Am I right in thinking that the 'rabbits ears' will be history by the end of 2012 when RTE are, under EU legislation, required to switch off their analog transmission ?


----------



## AlbacoreA (2 Feb 2011)

nbc said:


> Thanks ,
> 
> Lucan. What free to air options are available apart from rabbit ears?
> 
> nbc



Freesat(UK channels with a satellite dish and set top box. 
Saorview (DTT)  digital Irish channels, TV with a regular Ariel, but you need a compatible TV with a MPEG4


----------



## hansov (2 Feb 2011)

nbc said:


> Hi,
> I was thinking of cancelling just the tv bit


 
I didn't know that upc gave the option of broadband only.


----------



## SparkRite (2 Feb 2011)

TarfHead said:


> Am I right in thinking that the 'rabbits ears' will be history by the end of 2012 when RTE are, under EU legislation, required to switch off their analog transmission ?

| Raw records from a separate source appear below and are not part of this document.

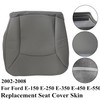 NLQR Driver Side Bottom Replacement Seat Cover Microfiber Leather Gray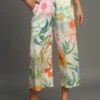 Floral Print Ankle Pants | S - 2XL Set W/ Sku53934 Umgee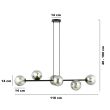 EMIBIG 875/8 LAMPA WISZĄCA ROSSI 8 BL GRAFIT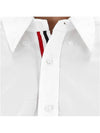 Men's Logo Patch Classic Cotton Long-Sleeve Shirt White - THOM BROWNE - BALAAN 3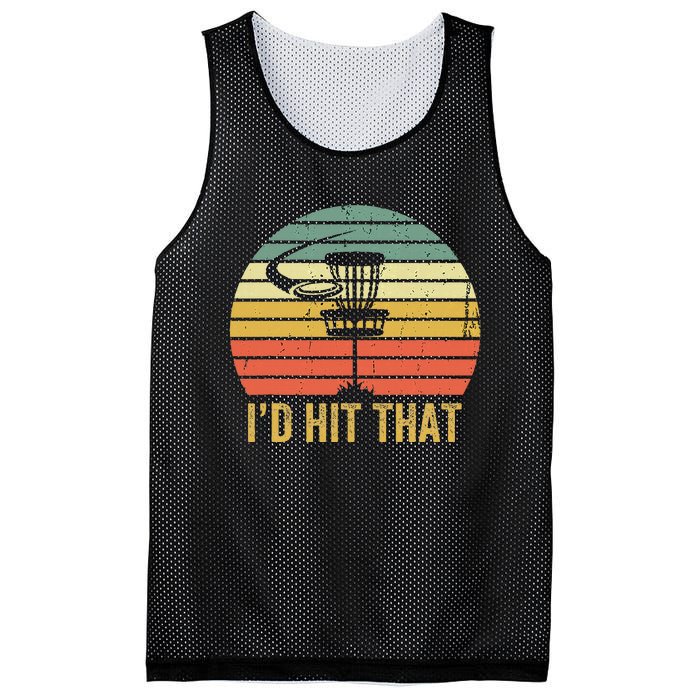 ID Hit That Funny Disc Golf Vintage Frisbee Disc Sport Mesh Reversible Basketball Jersey Tank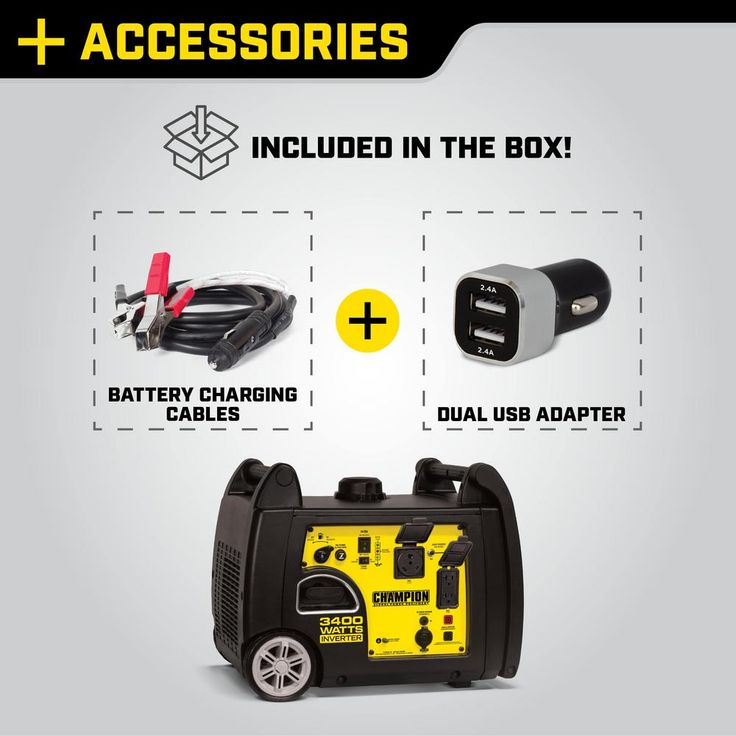 CHAMPION POWER EQUIPMENT 3400-Watt Gasoline Powered Recoil Start Portable Inverter Generator with 192 cc Engine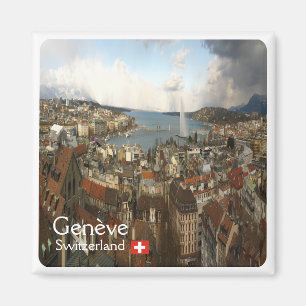 Imán zCH010 GENÈVE Suiza - Fridge Magnet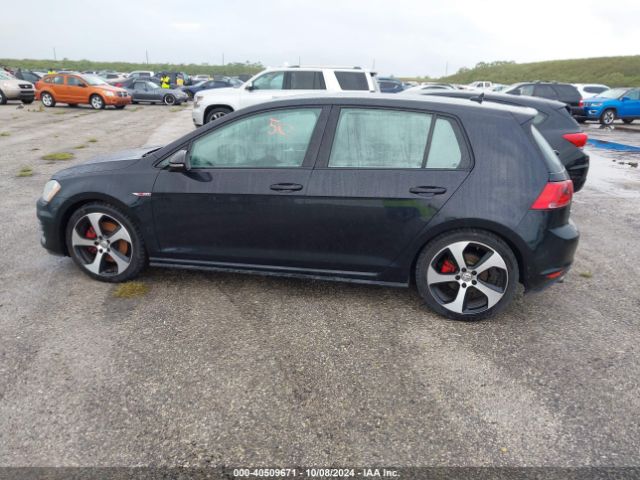 3VW5T7AU2HM037841 Volkswagen Golf Gti Autobahn 4-door/s 4-door/se 4-door/sport 4-door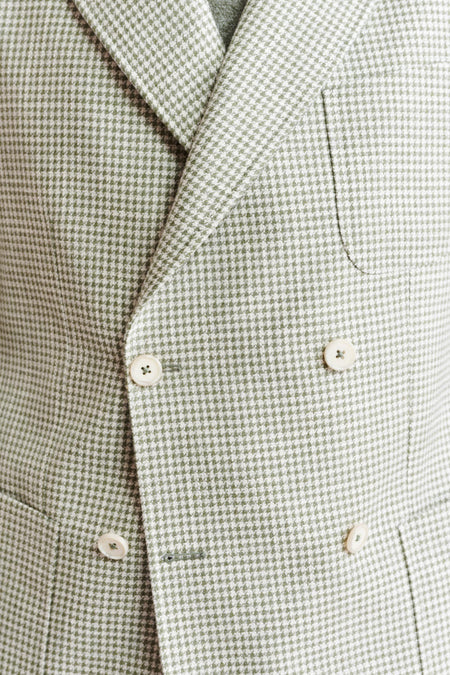 Light Green Wool & Cotton Soho Jacket Riviera Trend Image 4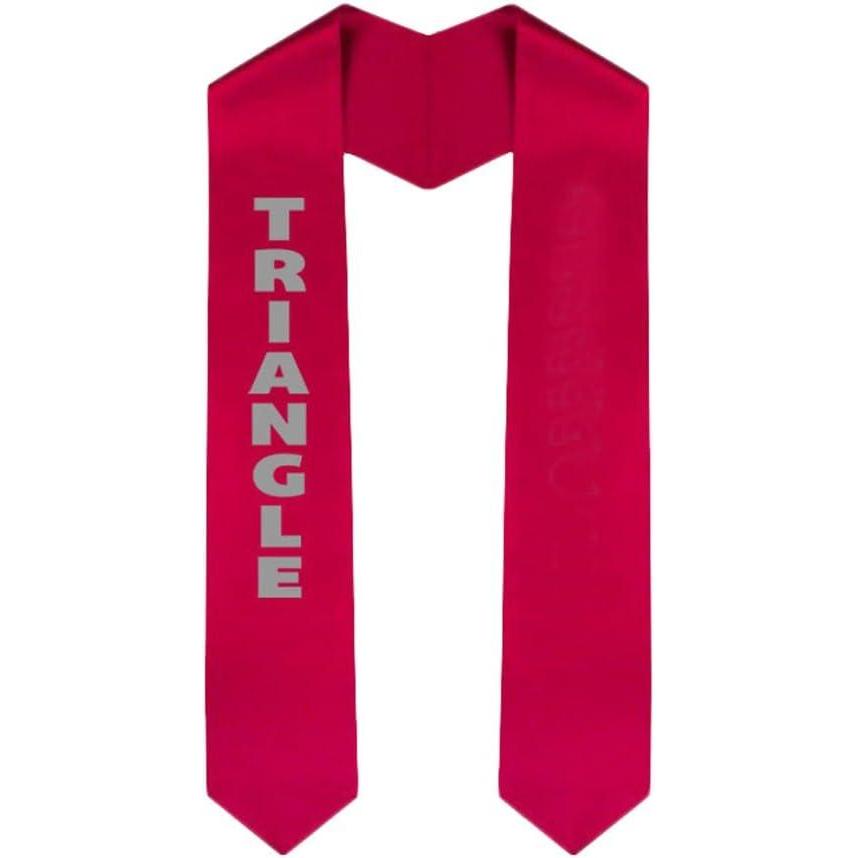 imageCustom Triangle Graduation Stole SashRed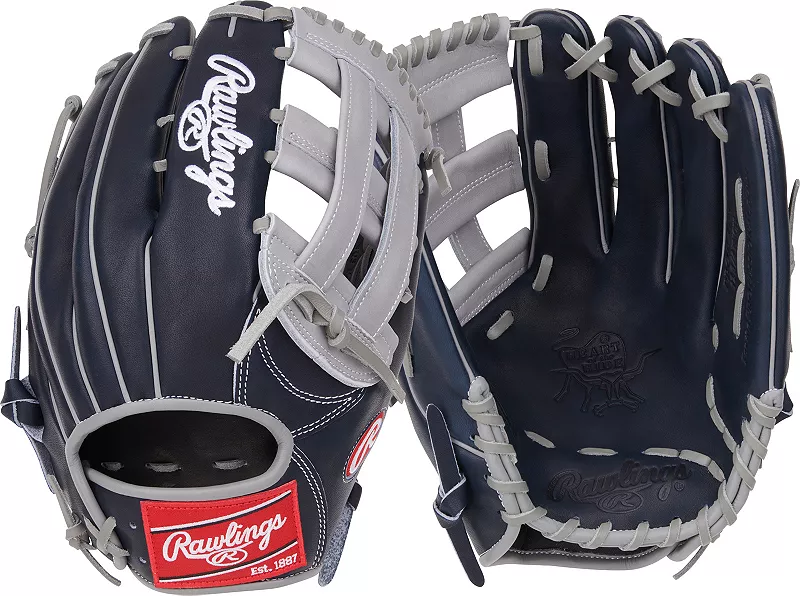 

Перчатки Rawlings Aaron Judge Heart of the Hide серии R2G 12,75 дюйма, темно-синий/серый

Absolutely not! Rabbits ears can be used to pick up the digital signal just in the same way they did the analogue one.


----------



## horusd (2 Feb 2011)

I have a sky dish out of contract so I can get the freeview channels.  Bought the rabbits ears, (fancy one with own pwr), I live in Central Dublin about 5 miles from Montrose transmitter -the reception is terrible uisng the ears. I've kept the SKY FTB until I hear RTE etc go digital.  Just tried that internet link posted by Dr Moriarty, very good. Might consider giviing SKY the boot now that's available.


----------



## AlbacoreA (2 Feb 2011)

SparkRite said:


> Absolutely not! Rabbits ears can be used to pick up the digital signal just in the same way they did the analogue one.



Only if the TV has the right tuner. I think you should stress that.


----------



## hansov (2 Feb 2011)

horusd said:


> I've kept the SKY FTB until I hear RTE etc



I have crystal clear digital reception of RTE1, RTE2, TV3 and TG4 in Lucan.


----------



## test123 (4 Feb 2011)

I got rid of UPC digital and kept the broadband service and I still get the analog channels on my tv, 10 or more channels


----------



## pudds (4 Feb 2011)

DrMoriarty said:


> You can now get the 5 Irish channels for free .



Saw that a while ago but never bothered checking it out as I only have mobile BB but its fantastic very steady and no buffering. 


ne1 know if running it for say an hour how much mb's it would use.


----------